Jon Lax: Very costly and has a short half-life in terms of editorial. He said thank you very much and we said you’re welcome and he paid his bill he Ill let you know what is next or the next steps. We just waited and we waited and waited and months went by and there was still nothing coming out of the Obvious Corporation. Ev had kind of gone quiet, he had gone dark and I think in around June of 2012, Jeff Teehan, my partner at the time got a direct message which is how Ev communicates primarily and said I know what we’re doing let’s talk. Jeff and I flew out to San Francisco.
Rich Ziade: Heavy.
Jon Lax: Yeah it was very cryptic, so we were summoned, I feel like we were summoned I don’t know if that’s the way he would tell the story.
Paul Ford: He’s like IBM those guys and I want to just get them in a room for a meeting and you’re are like we were summoned.

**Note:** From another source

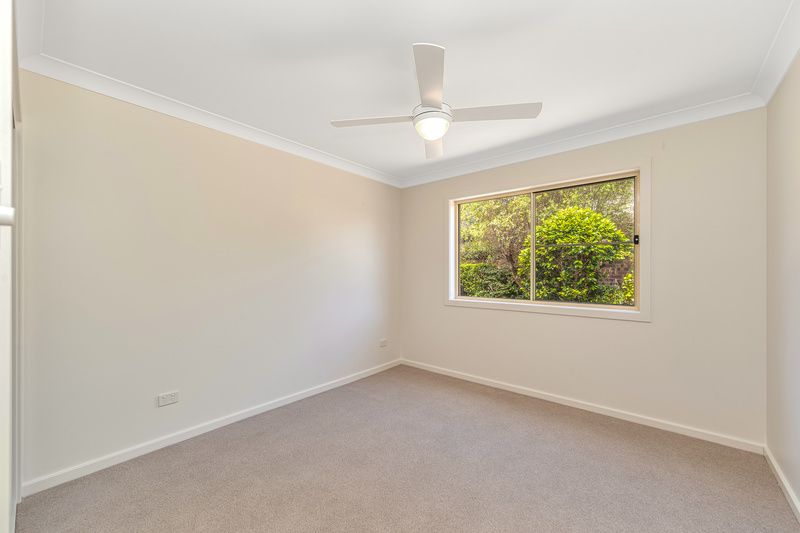 Light-Filled Home with Sunroom and Space to Live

Jon Lax: His version was probably like I sent them a DM what is the big deal. I think from our standpoint it was a big deal. Jeff and I flew out to San Francisco and he presented a deck that he had, a keynote that he had where he had laid out Medium and honestly as I watch even to this day the things that he’s doing all of those ideas were pretty much present in that initial deck that he showed us. He is sort of executing primarily against that playbook that he showed us and even though there had been twists and turns along the way for me I can draw a straight line back to some of those ideas. Through July to December we embedded a team of five designers and an engineer, a front-end engineer into the team of Medium which at the time I think was only about 12 people so we were like only for five of the 12 people.
Paul Ford: Were you down in San Francisco at that point?

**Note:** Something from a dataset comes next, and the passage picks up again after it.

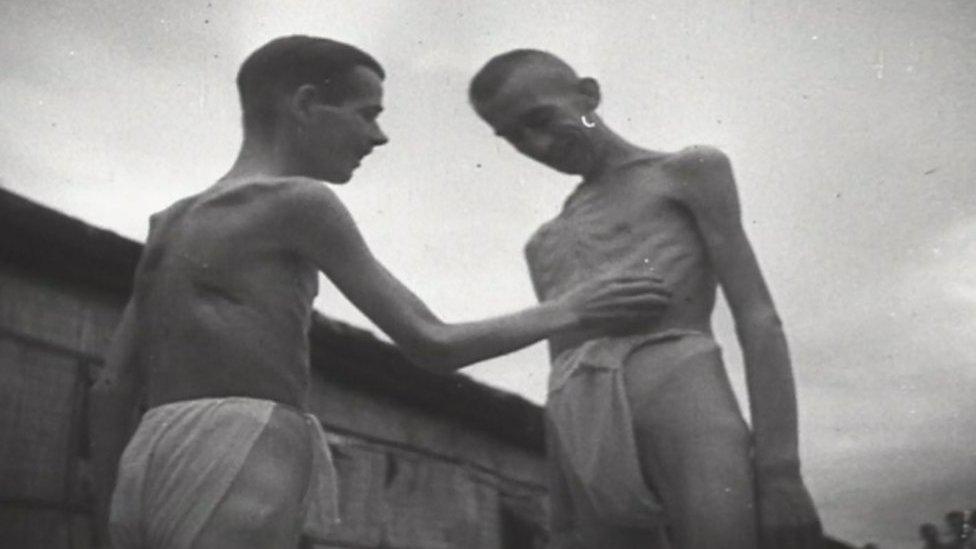 Two starving prisoners of war in loin cloths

Jon Lax: I was down in the in the beginning and then I had to return to run the business at Teehan and Lax and Jeff and the other designers basically were two weeks on two weeks off in San Francisco in a hotel. It was not an awesome existence for them I think for six months. It was pretty grueling on their lives. I think that they launched Medium in September the first version that went public was in September.

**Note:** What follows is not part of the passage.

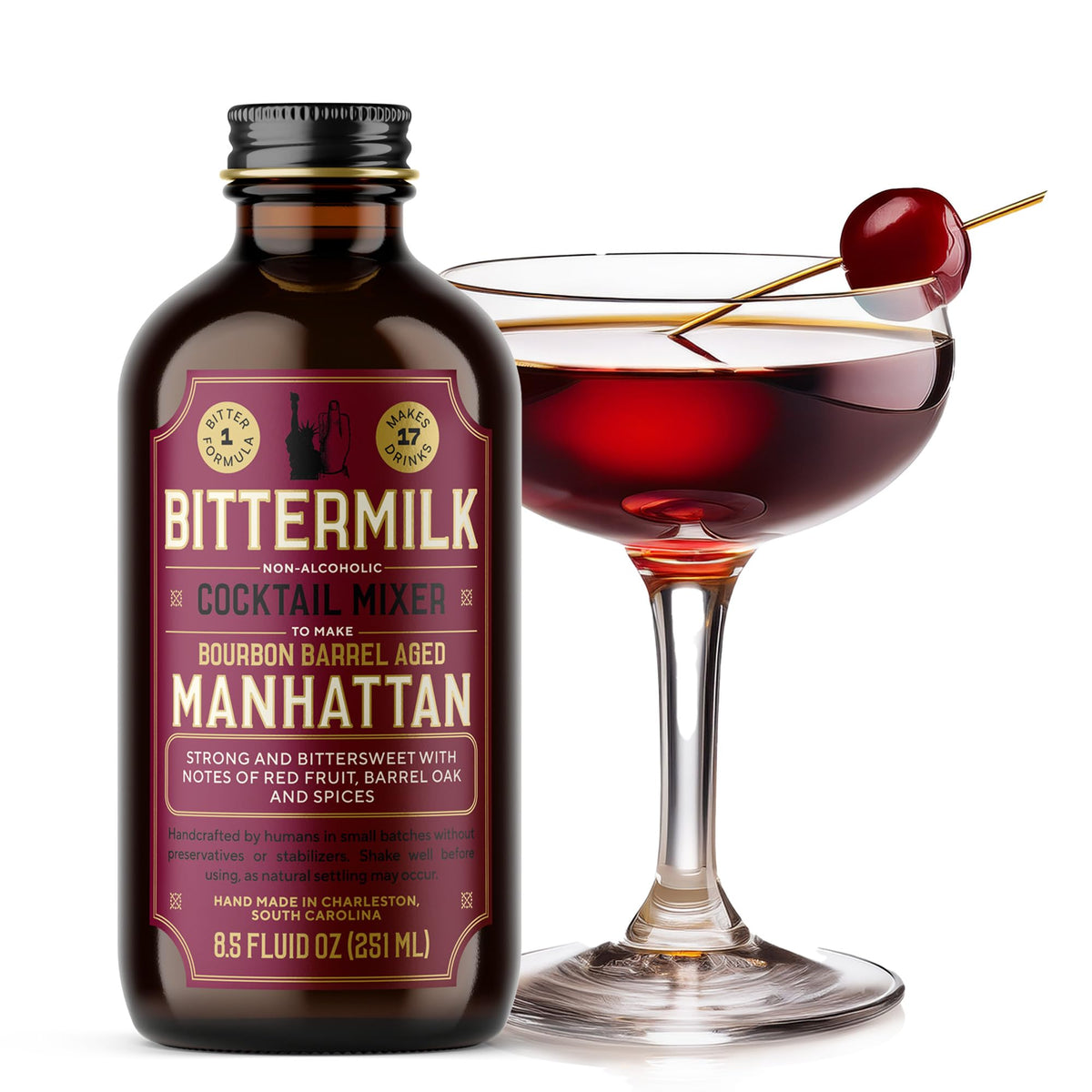 Bittermilk bourbon barrel aged Manhattan mix bottle against a dark bar backdrop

Paul Ford: What was the typical design process where you in Photoshop or were you just editing stuff?
Jon Lax: A lot of Photoshop, worked very closely with engineers they would code it up we did builds every night. We were playing with a version of it every day, we were writing inside of it, we were dog footing it effectively which is the standard way you build product in the valley. You build something and then you use it yourself for a while.
Paul Ford: Did you feel prepared than when Facebook called you knew what you were getting into?
Jon Lax: Medium really for us kicked off a pretty big workload in the valley and so we worked with Google we ended up prior to actually going there. By the time I got to Facebook we had a few other both what I’m going to call large scare startup, like Google and Facebook type things.
Rich Ziade: Start ups.
Paul Ford: Little things.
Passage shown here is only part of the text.